Klein ISD focuses on legislative session, advocacy to improve district
After being forced to make more than $22 million in budget cuts following a failed tax ratification election in June 2018, Klein ISD is looking to be more transparent and proactive about the future of funding for not only their district, but other school districts as well.
Klein ISD has shifted gears by forming the Klein Leadership Coalition in January 2019, aiming to hone their legislative priorities and push supporters of Klein ISD to be active in their community and with their legislators in keeping people informed about important issues affecting the district.
Matt Champion, superintendent of Klein ISD, said the district is working to fix their financial situation by working with legislators and advocating for all Texas public school districts. Since cutting the budget, class sizes have increased and several employees have taken on more responsibilities while administration hiring is on hold, he said.

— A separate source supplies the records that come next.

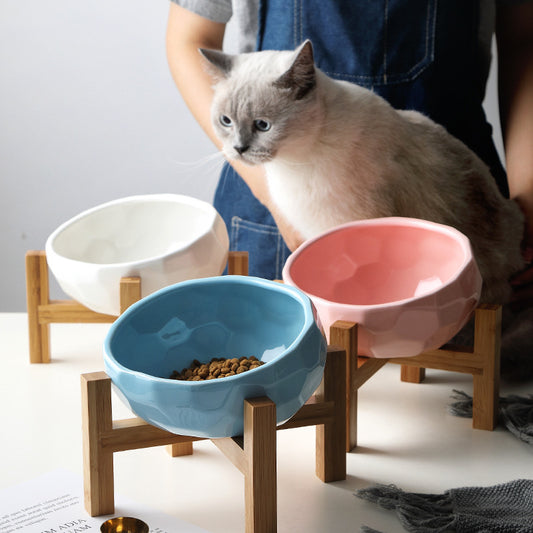 Make Mealtime Comfortable & Stylish with Our Tilted Pet Bowl! - Pet Paws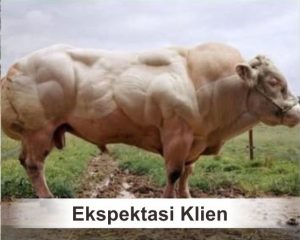 ekspektasi klien ok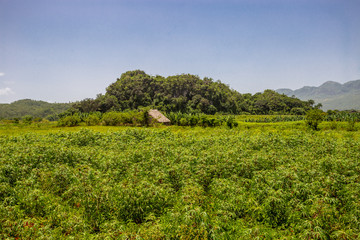 Fototapeta na wymiar Viñales, the valley of Cuba where the best tobacco in the world comes from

“Unfortunately, given the current state of the Texas school finance system and the failure of the TRE, there are no additional state funds coming to Klein ISD at this time,” Champion said. “The district continues to work with our legislators this legislative session to improve the state school funding system and is hopeful the legislature will make significant improvements to the system.”
During a KLC meeting on Feb. 28, Champion said the district will need to cut an additional $8 million from its budget due to the TRE failing and the lack of funding, encouraging the KLC to speak with legislators to advocate for a change to the funding approach for public schools, spread the word around the community and even go visit the capitol if possible.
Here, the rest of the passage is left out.